Boris-Theofanis Karatsolis: Late Miocene to Pliocene orbital and climatic forcing on marine productivity

  • Date: 25 October 2022, 13:00
  • Location: Hambergsalen, Geocentrum, Villavägen 16, Uppsala
  • Type: Thesis defence
  • Thesis author: Boris-Theofanis Karatsolis
  • External reviewer: Clara T. Bolton
  • Supervisors: Jorijntje Henderiks, Thomas Stevens, David De Vleeschouwer
  • DiVA

Abstract

The late Miocene to Pliocene was a geological time interval of global cooling, albeit in a warmer-than-present world, which is commonly used as a past analogue for future anthropogenic climate change. The investigation of marine sediments recovered by the International Ocean Discovery Program (IODP) sheds light on different paleoclimatic, paleoceanographic and paleobiological characteristics of this period. The NW Australian shelf represents an interesting area for such investigation, because it is strategically positioned near the only remaining equatorial warm-water valve on Earth. In Chapter I and Chapter II, focus is given on calcareous nannofossil time-series data and records of the element potassium (K), which is mainly delivered by rivers to the shelf, at IODP Sites U1463 and U1464. Results demonstrate that humid conditions were probably prevailing earlier than previously thought (at least since ~6 Ma), but that regional tectonics (basin subsidence) has complicated the identification of the exact onset.
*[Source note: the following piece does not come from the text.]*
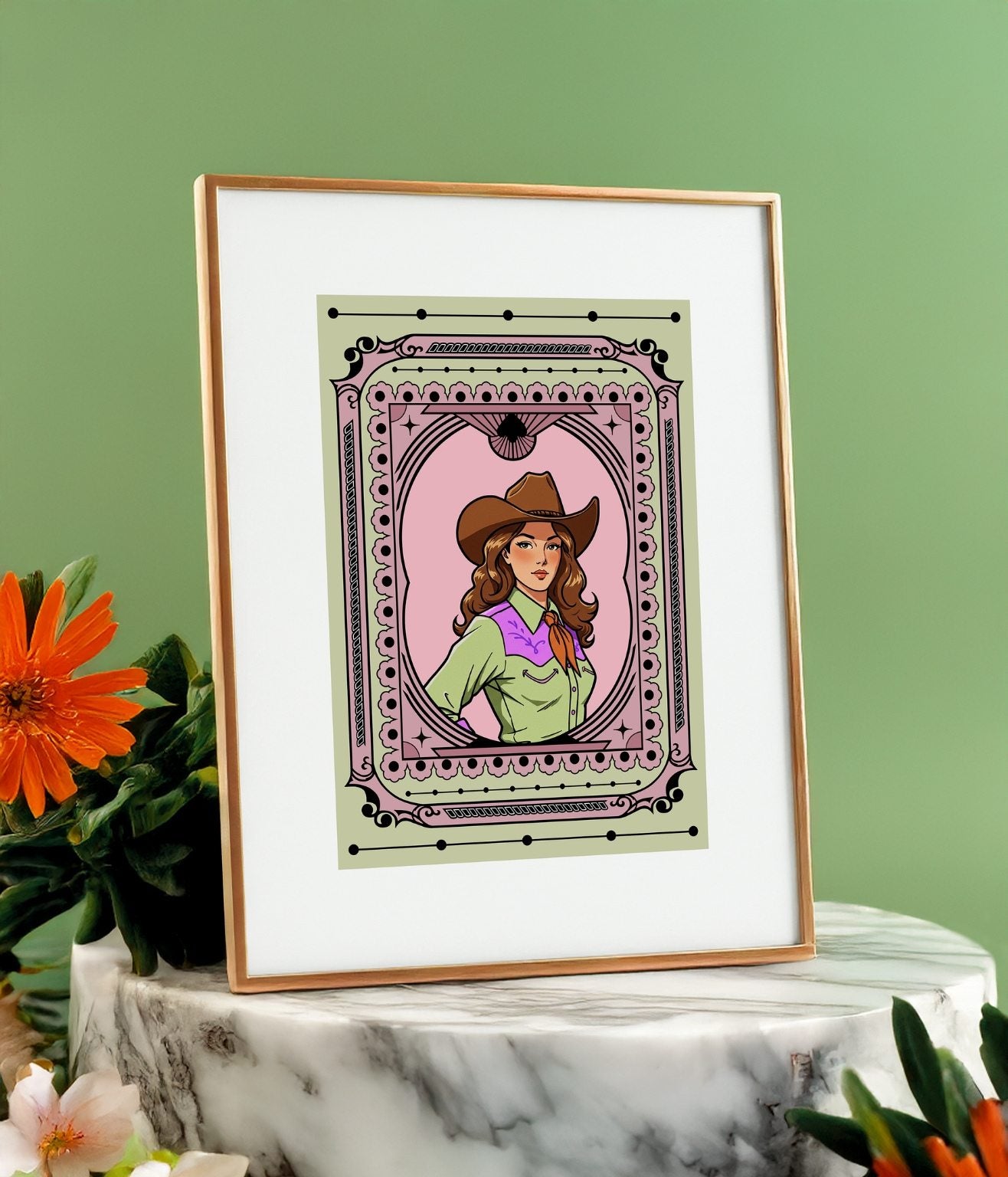 Framed cowgirl illustration with a green background styled with greenery and white marble base.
In addition, nannofossil assemblages data and paleotemperature gradients between the shelfal area and the eastern Indian Ocean reveal a shift in oceanographic and climatic regime that occurred between 5.4-5.2 Ma, as a likely result of an overall long-term increase in seasonality. Finally, an interval of decreasing nannofossil accumulation rates (fluxes) and a distinct change in the dominant nannoplankton species occurred between 4.6-4.4 Ma and is hypothesized to be part of broader changes in ocean nutrient availability. 

This hypothesis is further explored in Chapter III and Chapter IV through the investigation of a well-established period of globally elevated biogenic sedimentation (and related marine export productivity) known as the late Miocene to early Pliocene biogenic bloom. In Chapter III, age model accuracy and sample resolution of previously published biogenic sediment accumulation rate records are evaluated. The compilation of multiple records shows that an abrupt reduction in ocean paleoproductivity occurred between 4.6-4.4 Ma at (sub)tropical latitudes. This event coincided with a rather unique configuration of the Earth’s orbit, which could have led to a weakened Asian monsoon activity and therefore reduced river runoff and nutrient supply to the ocean. Chapter IV focuses on the comparison between the calcareous nannofossil assemblages at the NW Australian shelf sites and ODP Site 1264 in the South Atlantic Ocean, across the termination of the biogenic bloom. Although the overall decrease in paleoproductivity occurred around the same time, the shift in species dominance across the end of the biogenic bloom, as shown in the tropical Indian Ocean, is not observed at ODP Site 1264.